Rohingya Americans experience their first community Eid celebration

By Zachary Clingenpeel, Co-Director of Photography

Muslims from Chicago’s Rohingya community pray on Eid al-Fitr toward the Kaaba in Mecca from a parking lot at West Devon and North Washtenaw avenues. Zachary Clingenpeel

In Myanmar, Rohingya people were unable to celebrate Eid al-Fitr in a traditional way, due to the repressive government. The special holiday marks the end of the Muslim holy month, Ramadan, meant to bring Muslims spiritually closer to God.

As COVID-19 cases decrease and more Chicagoans are vaccinated, the Rohingya Cultural Center, 2740 W. Devon Ave., has given members of the Chicago Rohingya community the opportunity to openly celebrate Eid al-Fitr for the first time with other Muslims.

“This is a very special day for me because this is the first time I’m having outside Eid prayer since I was born,” said Abdul Jabbar, senior case manager at the Rohingya Cultural Center. “In Burma, I never had this kind of chance due to the military regimes and religious persecution by the military government.”

Volunteers from the Rohingya Cultural Center accept donations from Muslims present at their Eid prayer celebration; these donations will go toward Rohingya people who have been displaced from Myanmar and now live in refugee camps in Bangladesh. Zachary Clingenpeel

Traditionally, Eid al-Fitr is celebrated as a community. Last year, members of the Chicago Rohingya community prayed at home due to CDC guidelines preventing large gatherings.

On Thursday, May 13, Muslims from Chicago, many of whom were Rohingya immigrants from Myanmar and Bangladesh, gathered in a parking lot near the center at West Devon and North Washtenaw avenues to join together in namaz, a prayer conducted facing the Kaaba in Mecca, on the day of Eid.

Muslim women take videos of men praying at the Eid celebration hosted by the Rohingya Cultural Center. Zachary Clingenpeel

The prayer was led by two Muslim religious leaders known as imams. One imam spoke English and the other spoke Rohingya. Children at the prayer received eidi, a tradition where adults give children envelopes with money inside.

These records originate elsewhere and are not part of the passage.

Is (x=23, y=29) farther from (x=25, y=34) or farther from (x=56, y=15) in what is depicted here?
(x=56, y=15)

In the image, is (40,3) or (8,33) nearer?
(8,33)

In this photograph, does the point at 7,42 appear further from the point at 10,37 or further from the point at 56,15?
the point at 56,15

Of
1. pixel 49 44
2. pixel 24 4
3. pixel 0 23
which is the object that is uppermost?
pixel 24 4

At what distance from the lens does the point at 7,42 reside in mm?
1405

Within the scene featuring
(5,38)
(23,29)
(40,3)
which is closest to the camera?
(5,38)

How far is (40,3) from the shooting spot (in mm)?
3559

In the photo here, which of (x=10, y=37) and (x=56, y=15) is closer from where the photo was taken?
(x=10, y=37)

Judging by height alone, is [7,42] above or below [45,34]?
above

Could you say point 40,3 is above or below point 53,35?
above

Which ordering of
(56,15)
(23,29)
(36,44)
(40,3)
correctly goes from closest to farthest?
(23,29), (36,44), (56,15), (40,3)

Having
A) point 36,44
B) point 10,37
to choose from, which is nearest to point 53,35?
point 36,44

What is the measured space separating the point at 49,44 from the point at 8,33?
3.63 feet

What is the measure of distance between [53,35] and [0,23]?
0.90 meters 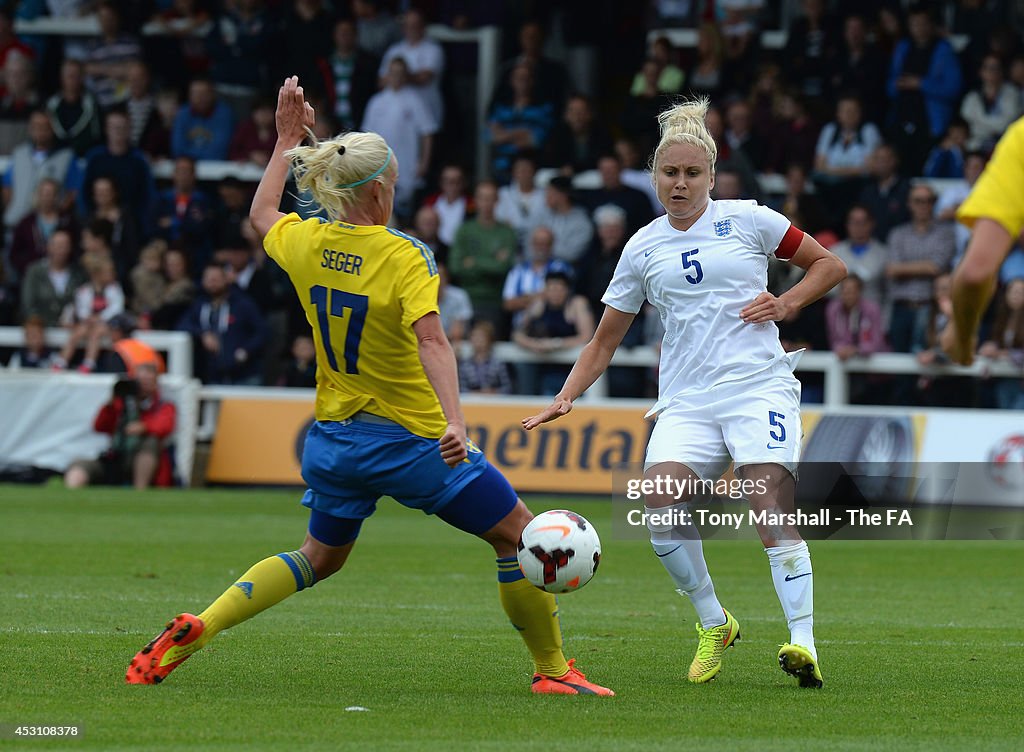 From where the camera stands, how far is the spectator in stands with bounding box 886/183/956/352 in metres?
17.6

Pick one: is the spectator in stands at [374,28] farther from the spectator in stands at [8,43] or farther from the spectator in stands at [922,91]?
the spectator in stands at [922,91]

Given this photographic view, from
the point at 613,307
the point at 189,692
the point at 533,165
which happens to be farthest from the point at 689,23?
the point at 189,692

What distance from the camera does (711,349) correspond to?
289 inches

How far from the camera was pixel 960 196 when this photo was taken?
1814 cm

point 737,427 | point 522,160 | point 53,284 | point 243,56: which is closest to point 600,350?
point 737,427

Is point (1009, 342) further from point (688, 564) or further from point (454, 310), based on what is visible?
point (688, 564)

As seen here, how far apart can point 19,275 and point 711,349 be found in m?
15.5

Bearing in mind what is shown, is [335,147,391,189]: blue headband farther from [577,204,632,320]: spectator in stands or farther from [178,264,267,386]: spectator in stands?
[178,264,267,386]: spectator in stands

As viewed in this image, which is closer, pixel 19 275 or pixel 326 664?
pixel 326 664

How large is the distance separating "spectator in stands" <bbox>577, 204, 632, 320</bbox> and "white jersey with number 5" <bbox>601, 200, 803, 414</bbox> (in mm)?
10651

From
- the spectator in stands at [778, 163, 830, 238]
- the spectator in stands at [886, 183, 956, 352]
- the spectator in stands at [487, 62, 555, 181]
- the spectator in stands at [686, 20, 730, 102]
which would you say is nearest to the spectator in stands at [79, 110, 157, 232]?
the spectator in stands at [487, 62, 555, 181]

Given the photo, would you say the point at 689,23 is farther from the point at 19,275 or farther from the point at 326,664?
the point at 326,664

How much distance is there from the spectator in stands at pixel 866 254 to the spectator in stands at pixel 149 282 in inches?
304

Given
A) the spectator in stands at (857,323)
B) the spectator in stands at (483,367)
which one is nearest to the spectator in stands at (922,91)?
the spectator in stands at (857,323) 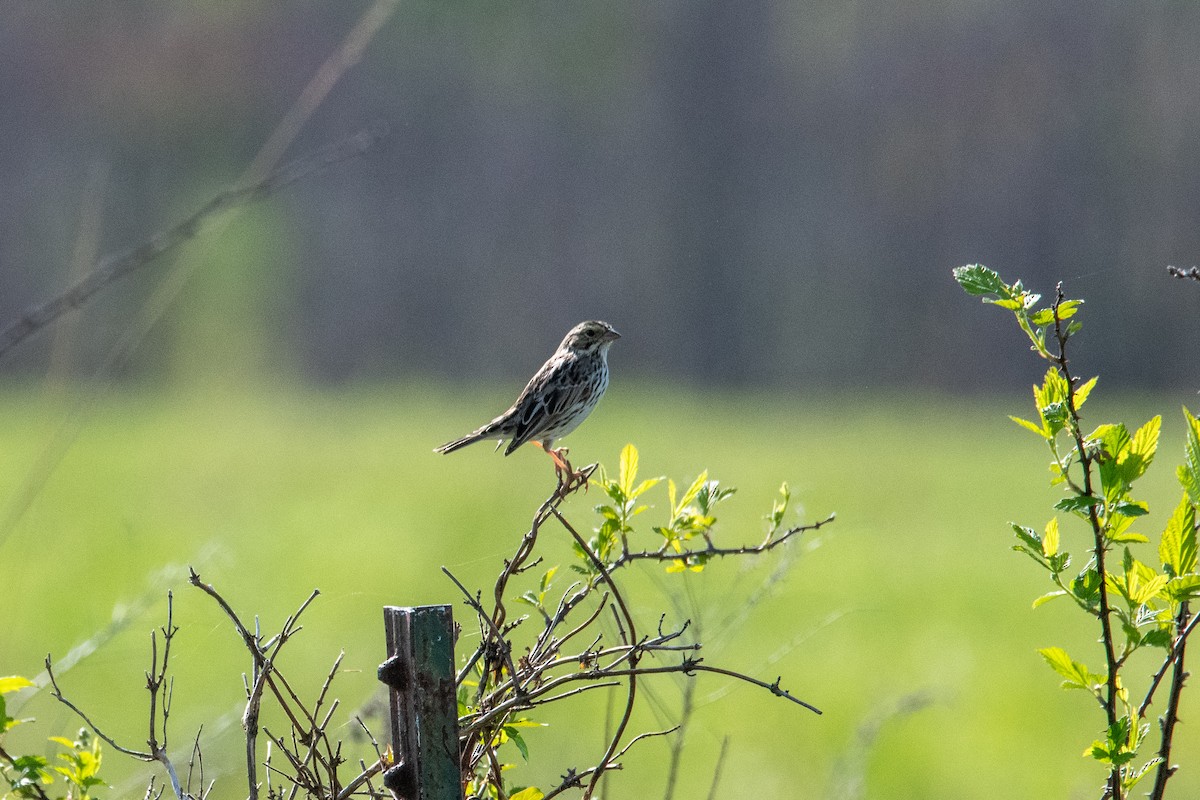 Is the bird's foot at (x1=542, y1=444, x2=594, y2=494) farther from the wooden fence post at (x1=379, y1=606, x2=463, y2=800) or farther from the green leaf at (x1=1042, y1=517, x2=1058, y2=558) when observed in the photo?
the green leaf at (x1=1042, y1=517, x2=1058, y2=558)

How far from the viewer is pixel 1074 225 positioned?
2361cm

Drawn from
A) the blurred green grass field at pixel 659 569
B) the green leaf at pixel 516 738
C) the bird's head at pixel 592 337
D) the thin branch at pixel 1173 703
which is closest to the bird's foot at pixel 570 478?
the blurred green grass field at pixel 659 569

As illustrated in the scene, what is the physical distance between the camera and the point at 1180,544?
1912 mm

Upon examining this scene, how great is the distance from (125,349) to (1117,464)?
1849 millimetres

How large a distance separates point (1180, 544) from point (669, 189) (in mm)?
28445

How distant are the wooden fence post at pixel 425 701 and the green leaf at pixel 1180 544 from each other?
3.04ft

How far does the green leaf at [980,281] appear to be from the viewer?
6.24 ft

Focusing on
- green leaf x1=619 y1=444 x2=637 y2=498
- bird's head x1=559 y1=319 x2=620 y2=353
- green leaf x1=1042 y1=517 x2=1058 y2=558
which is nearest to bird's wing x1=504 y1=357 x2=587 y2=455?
bird's head x1=559 y1=319 x2=620 y2=353

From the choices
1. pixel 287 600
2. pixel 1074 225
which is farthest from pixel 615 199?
pixel 287 600

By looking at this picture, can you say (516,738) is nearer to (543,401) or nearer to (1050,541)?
(1050,541)

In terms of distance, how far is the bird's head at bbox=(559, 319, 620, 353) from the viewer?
423cm

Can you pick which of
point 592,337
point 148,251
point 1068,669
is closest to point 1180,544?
point 1068,669

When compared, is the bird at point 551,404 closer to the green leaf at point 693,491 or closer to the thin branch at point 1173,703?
the green leaf at point 693,491

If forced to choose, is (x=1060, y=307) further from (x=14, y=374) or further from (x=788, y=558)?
(x=14, y=374) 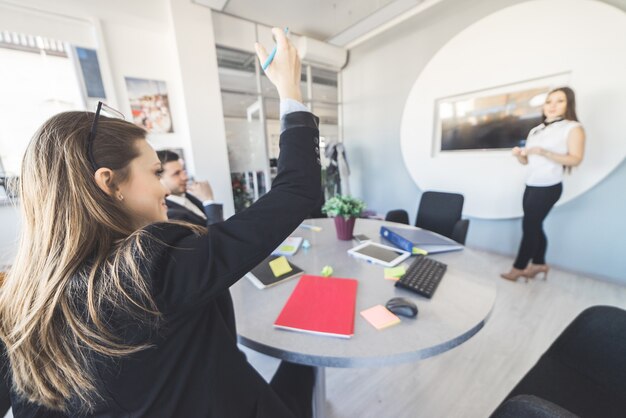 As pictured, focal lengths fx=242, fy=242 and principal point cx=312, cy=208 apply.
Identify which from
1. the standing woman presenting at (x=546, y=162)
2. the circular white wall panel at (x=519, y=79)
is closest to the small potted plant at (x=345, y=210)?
the standing woman presenting at (x=546, y=162)

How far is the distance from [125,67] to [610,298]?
525 cm

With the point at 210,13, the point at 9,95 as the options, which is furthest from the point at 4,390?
the point at 210,13

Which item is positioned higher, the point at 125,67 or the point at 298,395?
the point at 125,67

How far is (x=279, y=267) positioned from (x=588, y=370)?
1.21 meters

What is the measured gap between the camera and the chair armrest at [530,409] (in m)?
0.45

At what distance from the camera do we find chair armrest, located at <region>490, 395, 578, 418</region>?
45 cm

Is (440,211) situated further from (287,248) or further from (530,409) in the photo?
(530,409)

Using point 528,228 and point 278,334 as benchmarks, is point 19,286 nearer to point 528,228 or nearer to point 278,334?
point 278,334

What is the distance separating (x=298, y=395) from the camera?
2.64 feet

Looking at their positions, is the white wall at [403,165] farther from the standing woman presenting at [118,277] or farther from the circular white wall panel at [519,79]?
the standing woman presenting at [118,277]

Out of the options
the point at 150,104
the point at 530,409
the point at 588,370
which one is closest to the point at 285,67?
the point at 530,409

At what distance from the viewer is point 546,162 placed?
2.04 meters

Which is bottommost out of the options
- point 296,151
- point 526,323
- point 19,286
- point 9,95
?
point 526,323

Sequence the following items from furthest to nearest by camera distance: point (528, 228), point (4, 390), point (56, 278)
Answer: point (528, 228)
point (4, 390)
point (56, 278) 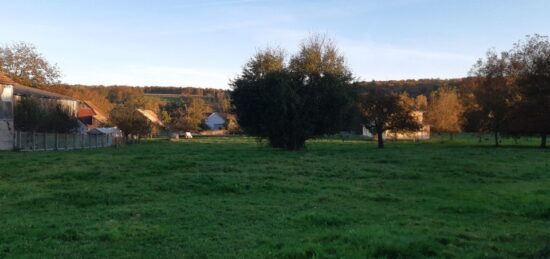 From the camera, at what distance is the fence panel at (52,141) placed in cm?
4716

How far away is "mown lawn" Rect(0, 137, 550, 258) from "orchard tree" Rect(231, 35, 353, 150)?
19194mm

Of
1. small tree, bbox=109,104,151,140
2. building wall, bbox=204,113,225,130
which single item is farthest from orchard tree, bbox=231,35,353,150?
building wall, bbox=204,113,225,130

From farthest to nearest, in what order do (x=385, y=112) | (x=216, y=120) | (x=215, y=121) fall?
(x=216, y=120), (x=215, y=121), (x=385, y=112)

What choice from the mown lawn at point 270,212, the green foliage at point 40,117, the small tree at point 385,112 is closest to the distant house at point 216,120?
the green foliage at point 40,117

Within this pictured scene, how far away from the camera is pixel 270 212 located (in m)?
13.6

“It is important to our children to remind them who they are, where they come from, what is their background,” said Nasir Zakariah, executive director of the Rohingya Cultural Center.

Many Muslims gathered at the event were Rohingya, a mostly Islamic ethnic group from Myanmar who were displaced en masse in 2017 after attacks by the Myanmar government. Zachary Clingenpeel

According to Zakariah, many of the Rohingya in attendance at the prayer also prayed for the safety and protection of America. In many of the countries they were displaced to, such as Bangladesh, the Rohingya are denied official refugee status.

“In Bangladesh, they keep us out,” Zakariah said. “In Thailand, they say ‘no,’ in Malaysia they say ‘no.’ They don’t take us, they don’t give us citizenship, they don’t let our children go to school. Even temporarily they don’t give us anything. In this country, they give us everything.”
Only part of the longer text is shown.